# lim$_{m , n \to \infty} S(n,m)$ exists but iterated limits do not.

$$S(n,m)$$ is a double sequence. Can anyone give me an example where lim$$_{m , n \to \infty} S(n,m)$$ exists but lim$$_{n \to \infty}$$( lim$$_{m \to \infty} S(n,m)$$) , lim$$_{m \to \infty}$$( lim$$_{n \to \infty} S(n,m)$$) do not?

My Attempt: I thought of an example.

$$S(1 ,m) =m$$, $$S(n , 1) =n$$,

$$S(n,m) = 1$$ otherwise.

But this does not seem to be a good example . As we ignore the first row and first column , two iterated limits exist. I want an example where lim$$_{m \to \infty} S(n,m)$$ , lim$$_{n \to \infty} S(n,m)$$ will not exist for infinitely many $$n$$ and $$m$$ respectively.

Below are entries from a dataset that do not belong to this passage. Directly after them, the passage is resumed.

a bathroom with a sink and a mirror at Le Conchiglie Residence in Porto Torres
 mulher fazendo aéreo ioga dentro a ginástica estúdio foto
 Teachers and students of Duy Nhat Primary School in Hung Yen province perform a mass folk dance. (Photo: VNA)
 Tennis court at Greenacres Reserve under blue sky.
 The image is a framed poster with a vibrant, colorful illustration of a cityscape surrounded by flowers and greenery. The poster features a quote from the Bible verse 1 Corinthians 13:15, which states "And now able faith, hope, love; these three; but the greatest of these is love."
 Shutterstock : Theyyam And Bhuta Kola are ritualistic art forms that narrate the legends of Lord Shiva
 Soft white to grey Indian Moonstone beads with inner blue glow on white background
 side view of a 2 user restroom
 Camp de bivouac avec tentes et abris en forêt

You had the example $$\frac {(-1)^ m}{n}$$, showing that one of the iterated limits did not exist. Using that we can make an example where both iterated limits fail: $$\frac {(-1)^ m}{n} + \frac {(-1)^ n}{m}$$ The idea is that $$\lim_{m, n\to\infty}$$ looks at the whole region of the plane containing the points $$(m, n)$$ with $$m, n>N$$ for increasing $$N$$, and seing whether they all eventually look similar under $$S$$. In this case, all elements have absolute value below $$\frac2N$$. The iterated limits, on the other hand, take limits along vertical lines in the plane (or horizontal, depending on the lmit order), and then looks at those limits as you take lines further and further from the origin. None of these lines have a limit, so the resulting limit does not exist.